It's not often these days that I get to sit down to read a book for entertainment purposes, so when I began "The Hunger Games" two days ago, I was set and determined to get it finished. It didn't take much to push myself, as I got sucked into the story fairly quickly.
I'll be honest - I really am not a fan of the dystopic. I didn't like "The City of Ember," "The Road" really freaked me out, and don't even get me started on "The Giver." There's something about the unfamiliar and depressing, and the things that are completely the fault of the human race that makes me lose faith for awhile. "The Road" is about the aftermath of what is surmised to be a gigantic nuclear warhead that took out most of North America. I've taken World History and seen "Dr. Strangelove," and the Cold War was just the beginning of the human race having the ability to destroy the modern world as we know it. Distopic fiction looks at how society is deconstructed after a man-made disaster.

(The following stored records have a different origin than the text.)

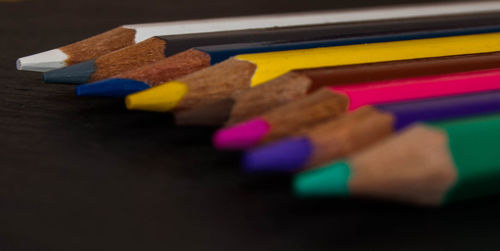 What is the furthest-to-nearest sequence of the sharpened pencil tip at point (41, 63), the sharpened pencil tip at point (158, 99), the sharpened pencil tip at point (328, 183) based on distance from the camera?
1. the sharpened pencil tip at point (41, 63)
2. the sharpened pencil tip at point (158, 99)
3. the sharpened pencil tip at point (328, 183)

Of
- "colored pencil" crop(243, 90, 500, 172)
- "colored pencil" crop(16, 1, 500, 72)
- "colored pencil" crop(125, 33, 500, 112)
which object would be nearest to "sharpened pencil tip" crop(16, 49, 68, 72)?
"colored pencil" crop(16, 1, 500, 72)

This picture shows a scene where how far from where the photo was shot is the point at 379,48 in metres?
0.47

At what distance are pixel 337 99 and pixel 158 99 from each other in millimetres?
102

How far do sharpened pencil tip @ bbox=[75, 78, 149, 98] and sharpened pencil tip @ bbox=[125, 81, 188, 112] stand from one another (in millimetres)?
45

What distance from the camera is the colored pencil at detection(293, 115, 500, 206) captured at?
27 cm

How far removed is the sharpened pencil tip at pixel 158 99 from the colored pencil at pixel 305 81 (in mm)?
16

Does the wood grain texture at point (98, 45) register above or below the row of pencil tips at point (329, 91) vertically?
below

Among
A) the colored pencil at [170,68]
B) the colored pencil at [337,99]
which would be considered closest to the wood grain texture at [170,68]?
the colored pencil at [170,68]

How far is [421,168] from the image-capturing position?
0.27 m

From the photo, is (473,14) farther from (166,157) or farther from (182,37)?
(166,157)

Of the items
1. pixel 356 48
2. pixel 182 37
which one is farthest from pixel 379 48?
pixel 182 37

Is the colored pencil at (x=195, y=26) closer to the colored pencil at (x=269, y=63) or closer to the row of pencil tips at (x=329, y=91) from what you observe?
the row of pencil tips at (x=329, y=91)

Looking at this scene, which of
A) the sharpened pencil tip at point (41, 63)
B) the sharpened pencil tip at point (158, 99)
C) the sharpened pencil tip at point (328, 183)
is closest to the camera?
the sharpened pencil tip at point (328, 183)

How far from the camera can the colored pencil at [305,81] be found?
1.16 ft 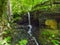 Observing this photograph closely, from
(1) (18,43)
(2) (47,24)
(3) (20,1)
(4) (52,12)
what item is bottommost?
(1) (18,43)

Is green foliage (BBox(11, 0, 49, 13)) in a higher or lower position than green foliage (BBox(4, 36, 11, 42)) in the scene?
higher

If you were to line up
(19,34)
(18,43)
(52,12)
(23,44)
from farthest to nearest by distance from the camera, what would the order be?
(52,12) → (19,34) → (18,43) → (23,44)

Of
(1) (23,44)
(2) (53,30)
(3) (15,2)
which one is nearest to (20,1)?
(3) (15,2)

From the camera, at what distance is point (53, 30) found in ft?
13.8

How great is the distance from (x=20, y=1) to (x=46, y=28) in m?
1.23

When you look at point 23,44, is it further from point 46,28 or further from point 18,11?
point 18,11

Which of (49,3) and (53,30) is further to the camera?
(49,3)

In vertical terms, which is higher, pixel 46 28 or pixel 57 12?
pixel 57 12

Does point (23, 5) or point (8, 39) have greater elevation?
point (23, 5)

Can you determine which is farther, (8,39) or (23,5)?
(23,5)

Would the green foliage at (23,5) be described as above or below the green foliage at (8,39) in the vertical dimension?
above

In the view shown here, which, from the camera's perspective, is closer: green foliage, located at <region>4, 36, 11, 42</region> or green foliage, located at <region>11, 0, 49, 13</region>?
green foliage, located at <region>4, 36, 11, 42</region>

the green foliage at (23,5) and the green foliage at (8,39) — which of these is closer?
the green foliage at (8,39)

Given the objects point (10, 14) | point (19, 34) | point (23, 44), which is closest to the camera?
point (23, 44) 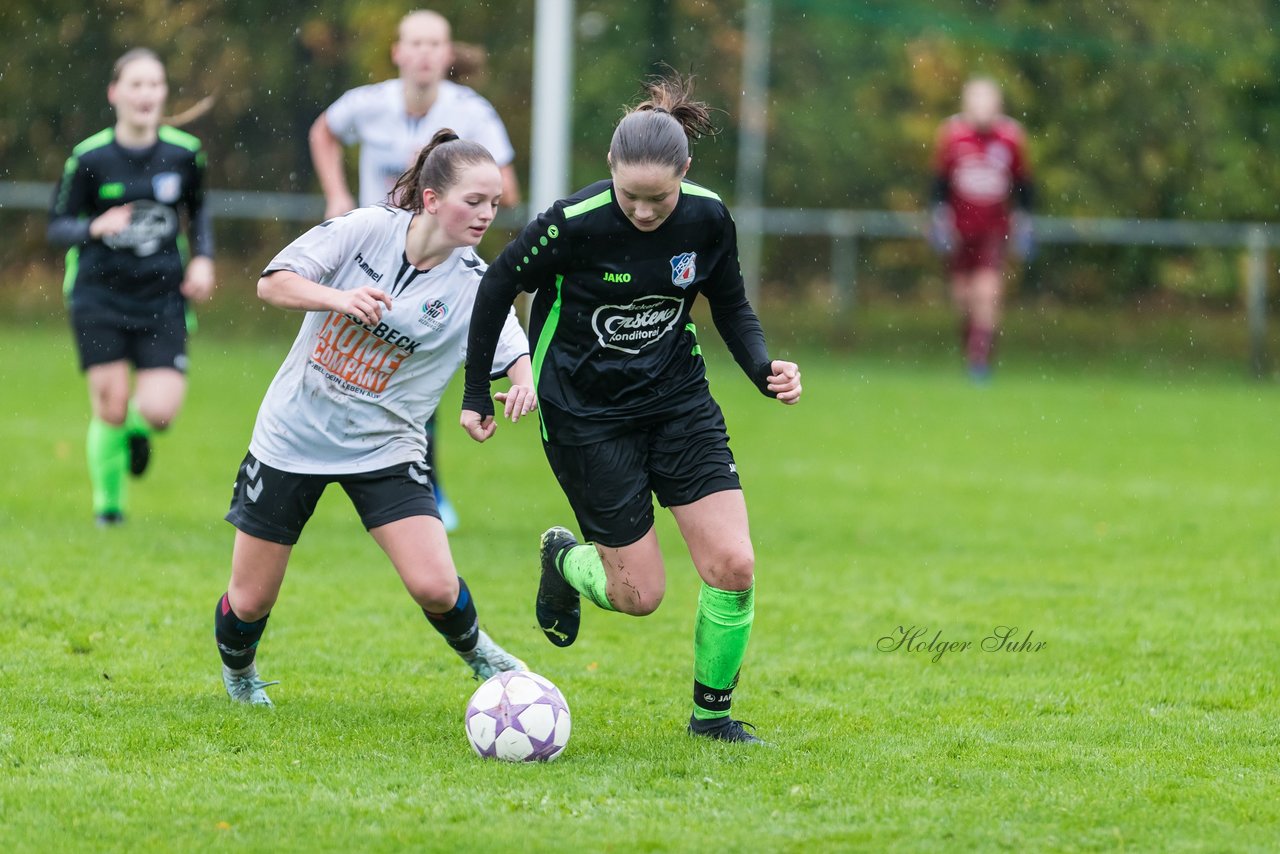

I'm not sure why I like "The Hunger Games" so much. It might be the protagonist, a hard-working young woman from the poorest District who takes her younger sister's place in the Games because of her love and need to protect her.
Katniss Everdeen is the hardened girl from District 12, the coal mining district on the outskirts of civilization in what used to be the Appalachian Mountains. She goes out to hunt in the forests near the Seam where she lives to provide for her family and to sell on the black market. She is resourceful and kind to those she cares about.
As readers, we feel for Katniss because even though she lives in a different sort of world than us, she faces the same challenges. There are loads of expectations thrown on her when she steps in as tribute, but even before this she has responsibility in her family situation. She hunts illegally to support her depressed mother and younger sister, the three of them left to make it on their own after Katniss' father was killed in a mine explosion. It's something that people in America face today, as has been witnessed in the 5 April mine explosion in West Virginia killed at least 29 workers. Collins was able to pull current problems like poverty and work-related accidents that affect families and weave them into her story to reinforce that socially the world can indeed come to be like that if we let it.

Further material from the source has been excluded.